While digesting all this drama, I came across a blog post by Seth Godin, the author of Permission Marketing (among many titles) and IMHO just about the most sensible commentator on modern marketing strategy, tactics and behavior.
In his March 23, 2009 post, Seth skewers the marketing failure exhibited by exorbitant salaries. He begins with Wall St.'s lament that unless they can pay someone eight figures, they can't recruit. Law firm associates' salaries come under his lens, too. Here's a taste:
If you were a law student, the choice was easy...You didn't have to know anything about the firm, apparently, other than the fact that they were top tier, and the way you knew that was because they paid a lot.
There's no real effort made to market the jobs, just to race to the top (or the bottom, depending on your point of view) with the easiest marketing signal of all. Price. Yes, it's exactly the same as a retailer trying to improve business by being the cheapest."
The message to angst-ridden BigLaw managing partners paralyzed by the fear of being the first to do what they all know they have to do: Don't worry. The only candidates you'll lose are those who only view your firm through the simplest lens, price. The irony is that these elite firms don't compete for clients on price. Why compete for talent on that self-defeating basis?
You've seen the way the American public reacted to what they consider obscene pay for non-performance. How confident are you that your clients aren't reacting similarly to you paying $160,000 to newly-minted lawyers who can't yet do anything of value, yet for whom you'll ask clients to pay $250 an hour for what is essentially on-the-job training?
Stop worrying about how law students will react to you making a (belatedly) sane decision and pull the trigger on the salary reduction.
Now, you still have to recruit first-year lawyers every year. Here's how.
Start by thinking like the serious headhunters you use to lure seasoned talent away from other firms. They're not recruiters; they're marketers.
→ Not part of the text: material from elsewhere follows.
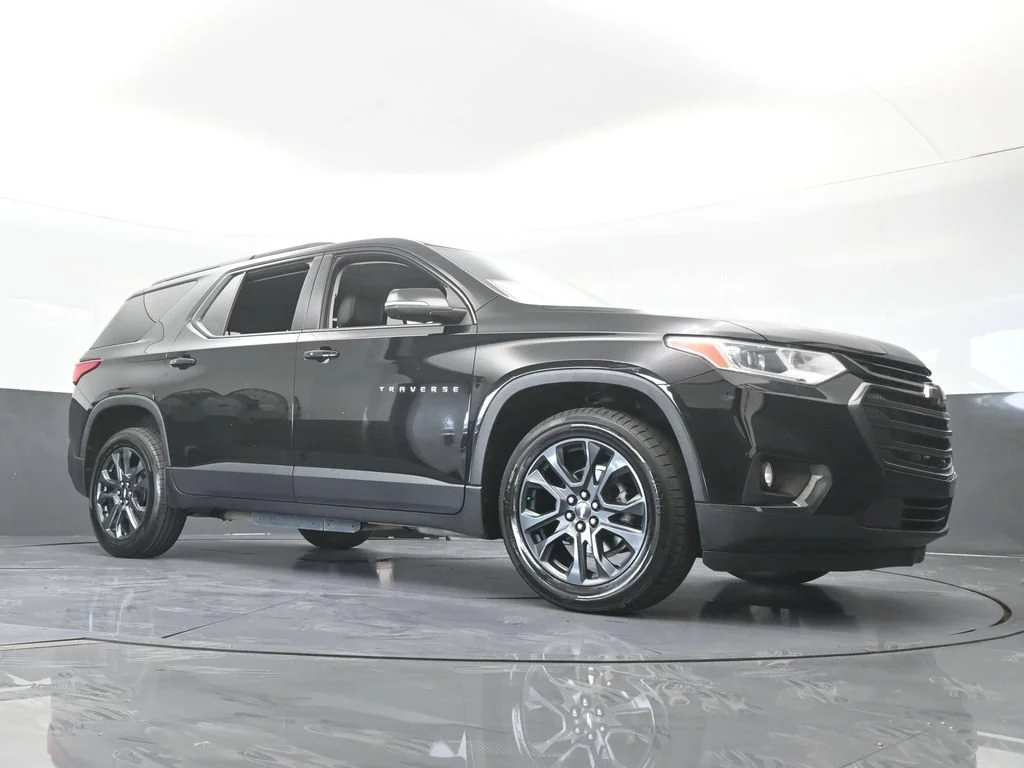 Used 2021 Mosaic Black Metallic Chevrolet RS image 74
They're selling your firm's opportunity.
To change your mindset, change your vocabulary.
You're not "recruiting"; that's an HR function. You're marketing a professional career opportunity. HR's mindset is “I need...,” as in “I need X, Y and Z qualifications.”
A marketer's mindset is, “If you're qualified, you'll want what we have here...,” as in “Here's why someone like you will want to work here.”
Sell more than the salary. If a big salary is all that a talented lawyer will get out of working at your firm, no one should work there, including you. Close the doors today.
Think of these associate opportunities as you would one of your firm's services. Profile the characteristics of those who will be most successful and fulfilled in that job, and most appreciative of the opportunity to have it. “Who wants to be here?”
Target those people with a message that aligns with their career goals and personal aspirations. Communicate that message in trusted channels that reach your profiled audience. If nobody wants it, it's time to change your firm to make it sufficiently attractive to the talent you need.